■ **Problem statement**: Return the stretch from the line with "Building Photo - 50 Comfort St Rental" through the line with "1 Wellington Street Unit 406 photo 8" in the data below, character for character, skipping all pictures.
Recorded data below:
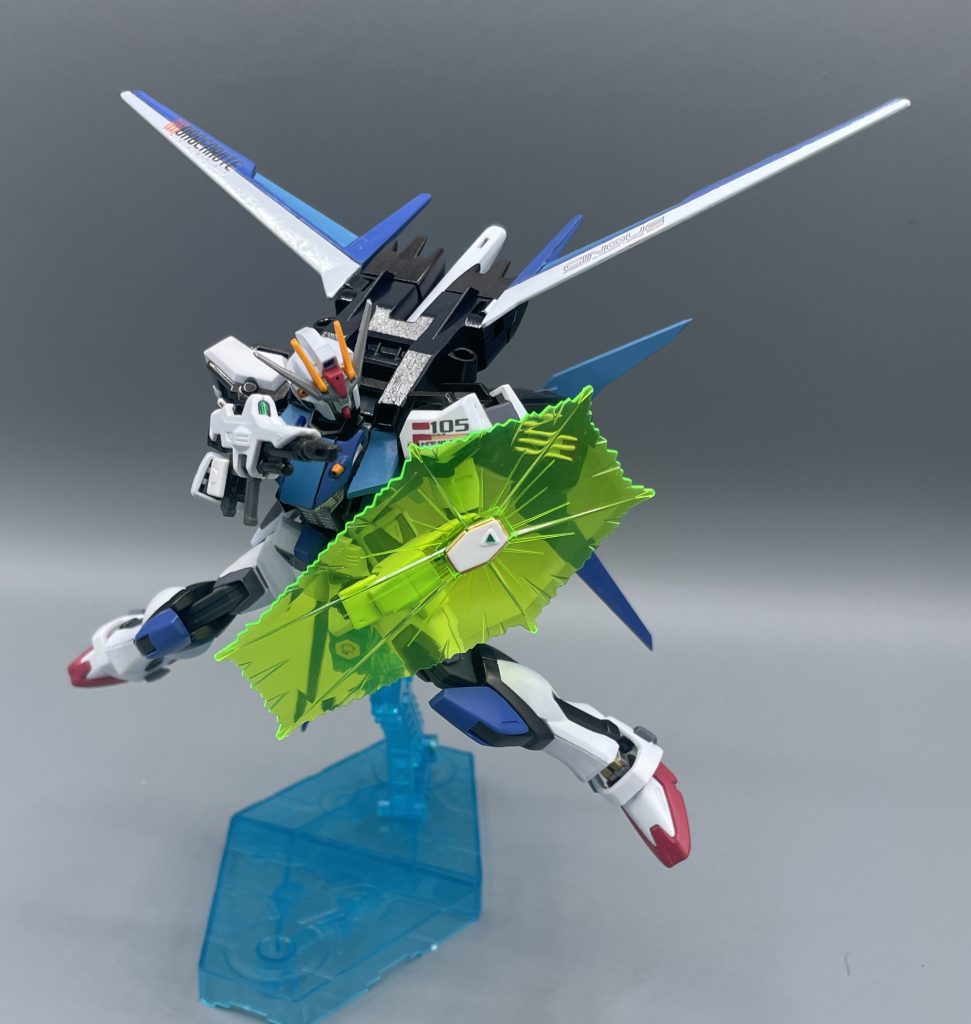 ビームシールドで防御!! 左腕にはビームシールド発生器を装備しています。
End of Recorded data.
Recorded data below:
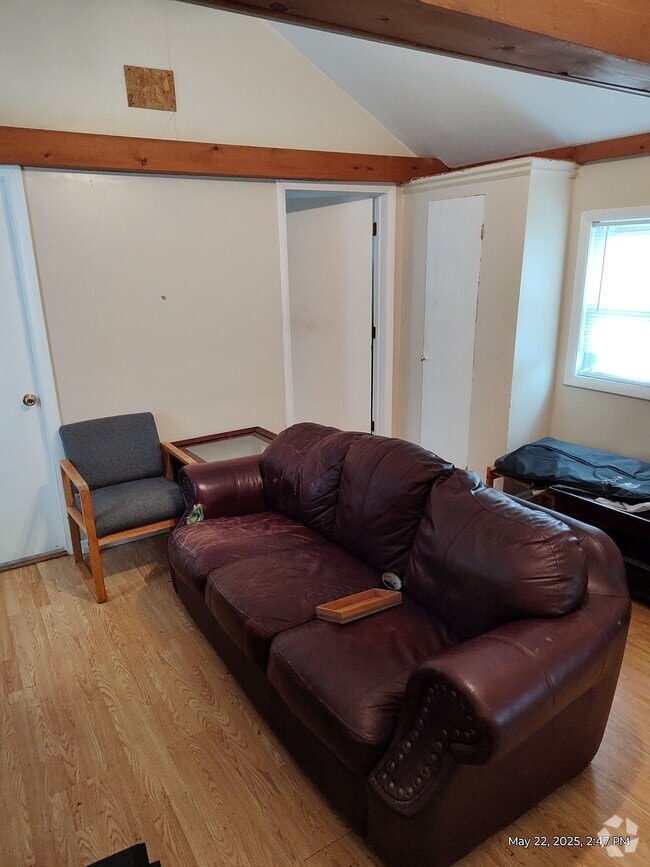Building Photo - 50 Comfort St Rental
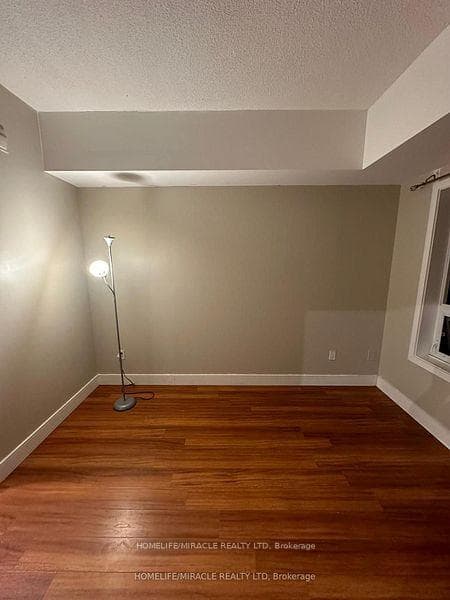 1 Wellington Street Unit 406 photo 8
End of Recorded data.
Recorded data below:
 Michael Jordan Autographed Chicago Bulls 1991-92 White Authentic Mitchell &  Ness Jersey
End of Recorded data.
■ **Solution to this exercise**:
Building Photo - 50 Comfort St Rental
 1 Wellington Street Unit 406 photo 8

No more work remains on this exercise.